After all surfaces have been processed, the Visual user interface takes the triangle data provided by the calculation engine and generates the rendering display. Meanwhile, the calculation engine processes all surfaces that have been flagged for additional work. In this addition pass, the density of all illuminance points on the surface is incremented and the calculation-triangularization process outlined above is repeated. Not all surfaces may require additional calculation.
When the engine completes processing these flagged surfaces, the Visual user interface updates the data it has on all surfaces, replacing previous data for a surface with any that was generated during the addition rendering computation.
This entire process is repeated up to four times. Each time the rendering calculations are performed on a denser grid of points. It is usually the case that the list of surfaces that are recalculated and updated gets smaller with each pass.

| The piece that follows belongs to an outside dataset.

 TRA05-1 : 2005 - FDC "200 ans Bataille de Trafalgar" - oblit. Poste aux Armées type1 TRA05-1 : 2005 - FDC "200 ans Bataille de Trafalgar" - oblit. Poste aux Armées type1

Surfaces handled in the Visual calculation engine are planar . In many cases any array of these approximates the surface of a dome, or a column, or a curved wall. To make renderings of such surfaces more realistic, special processing can be invoked, at the discretion of the user, to more faithfully render them by eliminating the abrupt change in exitance that is otherwise present on either side of an edge shared by surfaces that meet at even a slight angle.
If a user-specified surface meets another at an angle less than 20-degrees then the illuminance normals used in the surface illuminance calculation are modified. All edges of a surface are examined to see if the angle to the adjoining surface is less than 20-degrees. If so, the normal at the vertices involved are changed from that of the original planar surface (which is the default case) to an average formed with the normals of the original surface and those adjoining it at the required small angle. These new, interpolated normals can spread outward, defining a convex surface, or bend inward, defining a concave surface.
The position and orientation of the vertex normals are used to define a new, temporary convex or concave surface that passed through the original surface vertices . This temporary surface is used to define new calculation points and illuminance normals than produce illuminances for a local, curved surface. These points and illuminances are used in the manner described above to generate rendering triangles.